=== Begin Enclosure ===

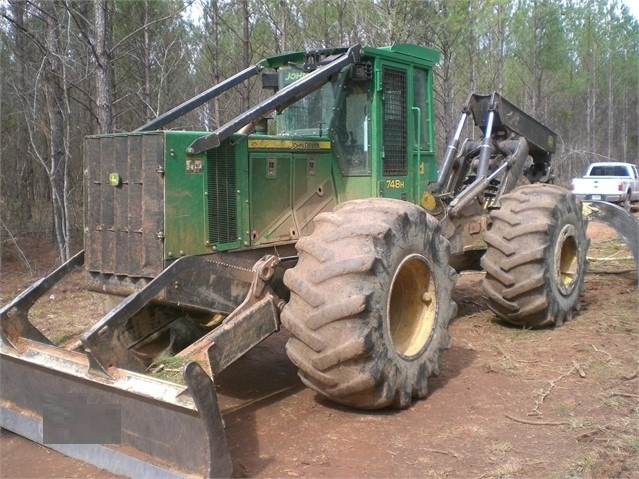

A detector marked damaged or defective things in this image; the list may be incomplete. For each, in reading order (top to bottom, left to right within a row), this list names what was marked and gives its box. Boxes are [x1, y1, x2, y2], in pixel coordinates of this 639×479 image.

rusty metal surface [0, 340, 230, 478]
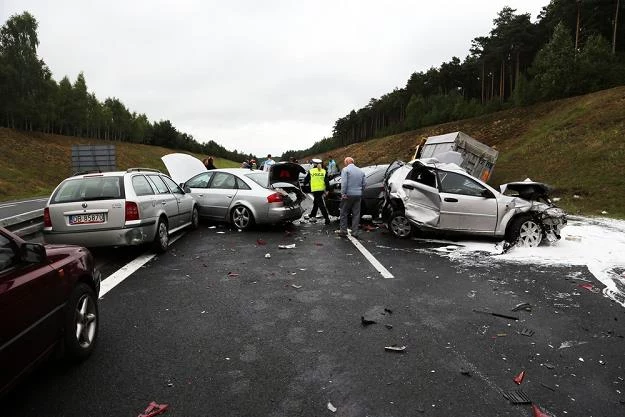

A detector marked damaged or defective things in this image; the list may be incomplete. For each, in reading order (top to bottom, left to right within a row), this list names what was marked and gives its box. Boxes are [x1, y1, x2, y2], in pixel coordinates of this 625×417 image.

white damaged car [380, 158, 564, 244]
damaged dark car [380, 158, 564, 244]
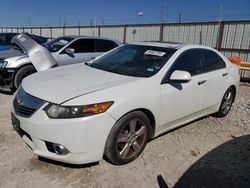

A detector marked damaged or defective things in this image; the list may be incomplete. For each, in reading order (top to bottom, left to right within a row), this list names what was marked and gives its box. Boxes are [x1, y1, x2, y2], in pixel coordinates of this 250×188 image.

damaged car [0, 33, 121, 92]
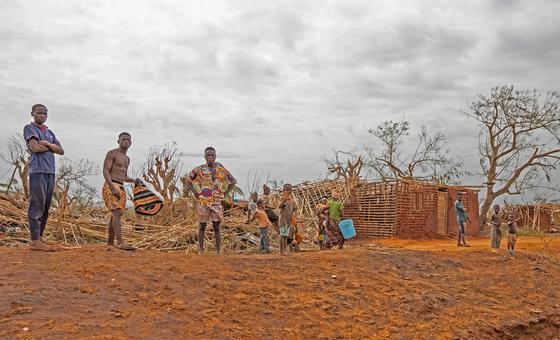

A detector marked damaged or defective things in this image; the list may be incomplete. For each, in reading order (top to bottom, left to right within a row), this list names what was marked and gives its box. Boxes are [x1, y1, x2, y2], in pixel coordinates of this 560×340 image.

damaged wooden structure [290, 178, 480, 239]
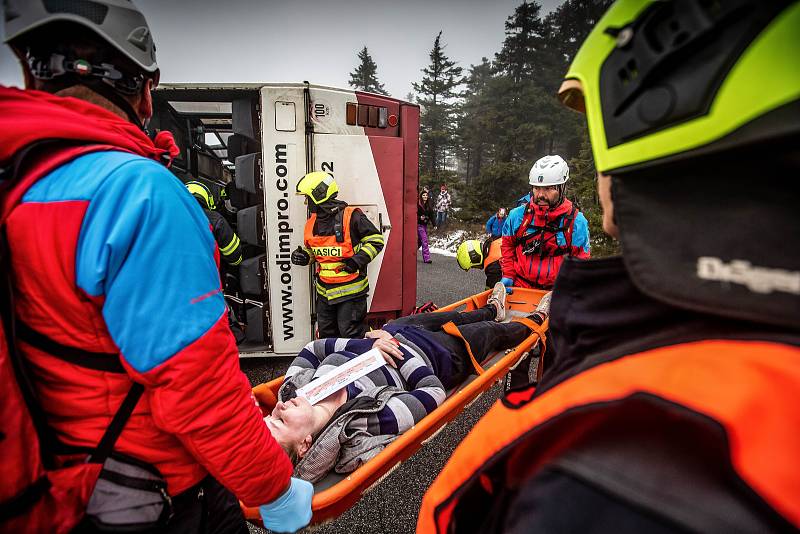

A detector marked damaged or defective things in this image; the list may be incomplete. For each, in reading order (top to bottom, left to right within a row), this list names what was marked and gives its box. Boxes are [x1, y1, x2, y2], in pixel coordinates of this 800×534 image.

overturned bus [152, 84, 422, 358]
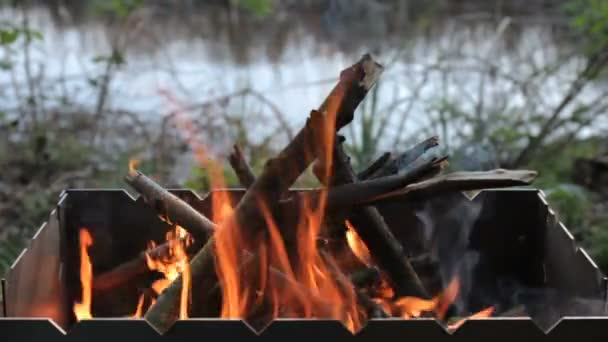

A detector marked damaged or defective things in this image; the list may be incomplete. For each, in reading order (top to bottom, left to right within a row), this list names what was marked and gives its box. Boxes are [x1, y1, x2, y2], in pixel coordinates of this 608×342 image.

rusty metal surface [3, 192, 70, 328]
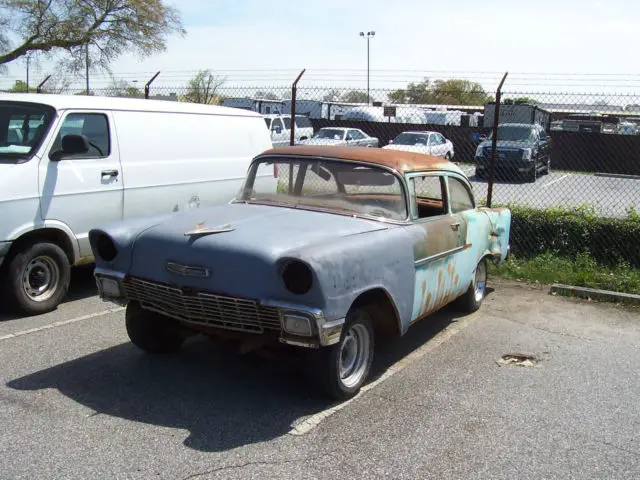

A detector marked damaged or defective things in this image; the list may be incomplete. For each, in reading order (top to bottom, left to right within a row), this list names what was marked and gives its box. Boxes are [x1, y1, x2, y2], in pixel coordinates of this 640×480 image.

rusted car body [90, 144, 510, 400]
cracked asphalt [1, 268, 640, 478]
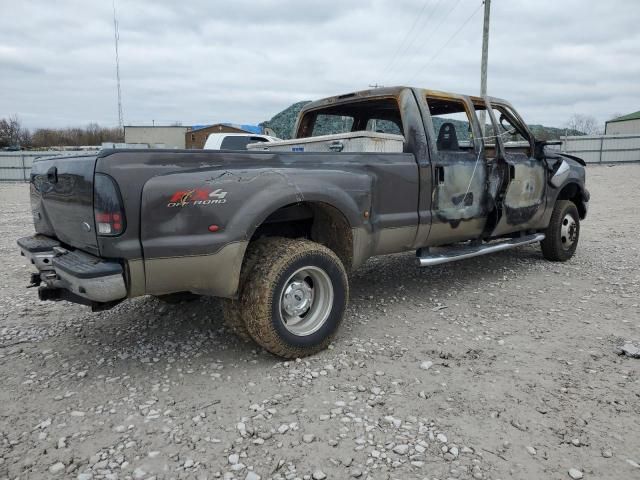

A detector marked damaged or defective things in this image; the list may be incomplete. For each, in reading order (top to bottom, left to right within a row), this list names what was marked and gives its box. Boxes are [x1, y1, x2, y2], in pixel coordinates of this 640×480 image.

damaged truck cab [18, 86, 592, 356]
burned ford f350 [18, 87, 592, 356]
charred door frame [484, 98, 544, 235]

=== End Enclosure ===

INSTRUCTIONS FOR THE TASK: From the line containing "this 800×534 image." through the final line of the listing, copy every line exactly and nothing else. Skip the pictures.

TASK OUTPUT:
A detector marked damaged or defective things in this image; the list may be incomplete. For each, in reading order (top to bottom, left to right within a row), this list names what was marked and gives its box. Boxes are [x1, y1, x2, y2], in pixel coordinates of this 800×534 image.

overturned bus [152, 84, 422, 358]

A detector marked damaged or defective things in this image; the list may be incomplete. For each, in reading order (top to bottom, left to right within a row), this list names what was marked and gives its box. Boxes are [x1, y1, x2, y2], in pixel coordinates of this 608×342 image.

rusty metal surface [3, 192, 70, 328]

A detector marked damaged or defective things in this image; the list may be incomplete. For each, in reading order (top to bottom, left to right within a row), this list names what was marked and gives its box. Boxes are [x1, y1, x2, y2], in pixel coordinates of this 640×480 image.

rusted car body [90, 144, 510, 400]
cracked asphalt [1, 268, 640, 478]

A detector marked damaged or defective things in this image; the list may be incomplete. For each, in reading order (top to bottom, left to right within a row), this list names what was marked and gives its box. Boxes are [x1, y1, x2, y2], in pixel coordinates of this 640×480 image.

damaged truck cab [18, 86, 592, 356]
burned ford f350 [18, 87, 592, 356]
charred door frame [484, 98, 544, 235]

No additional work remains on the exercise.